Em 1973, Basaglia dirige o Hospital Psquiátrico de Triesti, que viria a ser referência mundial para a reformulação da assistência em saúde mental, credenciado pela Organização Mundial de Saúde (OMS). Em 1978, a Itália aprova a Lei 180 (Lei da Reforma Psiquiátrica), que influenciou o modelo de tratamento e a luta pelo fim das instituições manicomiais ao redor do mundo, inclusive servindo de base para a Reformulação do Sistema Psiquiátrico no Brasil, que até hoje ainda não foi totalmente concluída.
A luta antimanicomial no Brasil
Em nosso país, a luta antimanicomial ganha força e proeminência na década de 1970, quando diversos movimentos e profissionais ligados à área da Saúde Mental denunciam os abusos e nas instituições psiquiátricas. Isso levou à criação do Movimento dos Trabalhadores em Saúde Mental (MTSM), que também contava com a participação da sociedade e de familiares de pacientes psiquiátricos, e tinha como finalidade alavancar uma reforma psiquiátrica no Brasil. Vale destacar que o Movimento Sanitário também somou forças na luta antimanicomial junto ao MTSM.
Um grupo de defensores das reformas antimanicomiais se reuniu em 18 de maio em 1987, e desse encontro saiu a proposta definitiva de reformulação do sistema manicomial e psiquiátrico brasileiro. Daí ser o dia 18 de maio o Dia Nacional da Luta Antimanicomial.
As bandeiras do movimento era a maior participação dos pacientes psiquiátricos na sociedade, maior enjangamento da família no tratamento, troca da clausura pelo convívio familiar e social, com atendimentos terapêuticos e ambulatoriais, proibindo o Estado de construir novas instituições psiquiátricas de internação.
Ainda hoje essa reforma não está completa. Na década de 1990, foram instituídos através das leis federais 8.080/90 e 8.142/90 os Centros de Atenção Psicossocial (CAPS), os Serviços Residenciais Terapêuticos (SRT), os Centros de Convivência e Cultura, as Unidades de Acolhimento (UAs) e os leitos de atenção integral.
Em 2001, foi promulgada a Lei Paulo Delgado (10.216/01), garantindo aos pacientes da saúde mental um tratamento menos invasivo, priorizando a reinserção do paciente no ambiente familiar e na sociedade, no trabalho e na comunidade.

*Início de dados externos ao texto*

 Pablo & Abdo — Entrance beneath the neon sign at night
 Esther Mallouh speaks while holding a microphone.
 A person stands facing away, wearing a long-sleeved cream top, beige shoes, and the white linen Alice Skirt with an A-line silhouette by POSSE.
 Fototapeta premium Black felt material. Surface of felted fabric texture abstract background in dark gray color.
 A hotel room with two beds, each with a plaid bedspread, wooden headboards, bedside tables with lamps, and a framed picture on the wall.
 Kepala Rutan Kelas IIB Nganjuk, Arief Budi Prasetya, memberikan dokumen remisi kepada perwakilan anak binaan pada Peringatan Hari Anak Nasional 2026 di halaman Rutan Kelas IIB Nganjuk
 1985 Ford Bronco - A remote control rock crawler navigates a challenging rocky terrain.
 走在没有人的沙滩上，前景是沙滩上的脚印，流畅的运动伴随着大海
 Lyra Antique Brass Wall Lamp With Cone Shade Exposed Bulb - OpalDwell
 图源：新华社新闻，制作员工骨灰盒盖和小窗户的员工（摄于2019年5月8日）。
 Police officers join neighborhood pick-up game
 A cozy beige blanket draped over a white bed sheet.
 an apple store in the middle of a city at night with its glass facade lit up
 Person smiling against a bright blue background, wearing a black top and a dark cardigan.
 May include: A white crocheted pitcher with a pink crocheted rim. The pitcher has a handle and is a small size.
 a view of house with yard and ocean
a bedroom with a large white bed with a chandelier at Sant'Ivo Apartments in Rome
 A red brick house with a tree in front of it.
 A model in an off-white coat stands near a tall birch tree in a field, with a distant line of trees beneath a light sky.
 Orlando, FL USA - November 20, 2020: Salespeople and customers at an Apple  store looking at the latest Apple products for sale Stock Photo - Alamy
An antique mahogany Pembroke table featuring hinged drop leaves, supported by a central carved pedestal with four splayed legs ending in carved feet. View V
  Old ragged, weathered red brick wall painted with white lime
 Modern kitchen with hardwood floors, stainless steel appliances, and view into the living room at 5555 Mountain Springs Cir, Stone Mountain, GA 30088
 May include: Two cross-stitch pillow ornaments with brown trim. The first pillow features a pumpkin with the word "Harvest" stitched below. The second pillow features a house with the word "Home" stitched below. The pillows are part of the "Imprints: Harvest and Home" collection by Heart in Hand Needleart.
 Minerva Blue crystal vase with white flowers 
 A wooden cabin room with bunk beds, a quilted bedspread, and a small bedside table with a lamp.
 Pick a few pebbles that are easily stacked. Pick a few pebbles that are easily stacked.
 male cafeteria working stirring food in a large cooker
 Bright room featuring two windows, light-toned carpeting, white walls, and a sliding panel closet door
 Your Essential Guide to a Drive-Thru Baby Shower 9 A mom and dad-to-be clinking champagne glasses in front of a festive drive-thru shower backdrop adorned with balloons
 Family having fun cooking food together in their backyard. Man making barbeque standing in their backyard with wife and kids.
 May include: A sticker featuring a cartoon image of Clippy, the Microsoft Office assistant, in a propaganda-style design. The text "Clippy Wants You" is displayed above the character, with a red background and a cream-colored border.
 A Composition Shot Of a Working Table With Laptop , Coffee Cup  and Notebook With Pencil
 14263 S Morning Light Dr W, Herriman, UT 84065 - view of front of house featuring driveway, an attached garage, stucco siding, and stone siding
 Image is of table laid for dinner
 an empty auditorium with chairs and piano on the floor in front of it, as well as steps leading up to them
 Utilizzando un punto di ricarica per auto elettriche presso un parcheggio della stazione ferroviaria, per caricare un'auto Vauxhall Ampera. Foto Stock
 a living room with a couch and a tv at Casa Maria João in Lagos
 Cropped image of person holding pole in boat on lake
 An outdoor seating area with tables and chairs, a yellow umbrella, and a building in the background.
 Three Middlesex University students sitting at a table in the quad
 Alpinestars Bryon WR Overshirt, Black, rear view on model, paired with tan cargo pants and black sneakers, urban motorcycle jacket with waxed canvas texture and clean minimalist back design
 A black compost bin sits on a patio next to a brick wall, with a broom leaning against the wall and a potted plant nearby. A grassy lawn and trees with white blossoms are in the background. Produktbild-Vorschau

As informações sobre as condições do paciente e seu tratamento passam a ser um direito do mesmo, há a garantia de proteção contra abusos e exploração, bem como a proibição de internações compulsórias.
Nos dias atuais, no entanto, nunca foi tão importante retomar essa luta, pois recentemente, em fevereiro de 2019, uma Nota Técnica do Ministério da Saúde (11/2019) dispôs sobre mudanças na Política Nacional de Saúde Mental e na Política Nacional sobre Drogas, afrontando a Lei 10.216. Essa NT determinou a ampliação de leitos de internação em hospitais psiquiátricos e nas chamadas “comunidades terapêuticas” dentro da Rede de Atenção Psicossocial (RAPs), o que é claramente uma política de retomada manicomial. Foi financiada também a compra de novos aparelhos de eletrochoque pelo Ministério da Saúde para o controverso tratamento de eletroconvulsoterapia.
Tal política de retomada manicomial negligencia toda a luta pela humanização psiquiátrica travada até aqui, financia instituições de cunho duvidoso, muitas delas ligadas a igrejas evangélicas e, principalmente, tal política tira investimento dos CAPS, enfraquecendo-os e fazendo com que a política de reinserção familiar e comunitária seja relegada.
Dessa forma, a luta antimanicomial é também um ato de resistência ao atual desgoverno e à sua necropolítica, ao fundamentalismo religioso que tenta se impor sobre a ciência e ao desmonte dos CAPS e do SUS.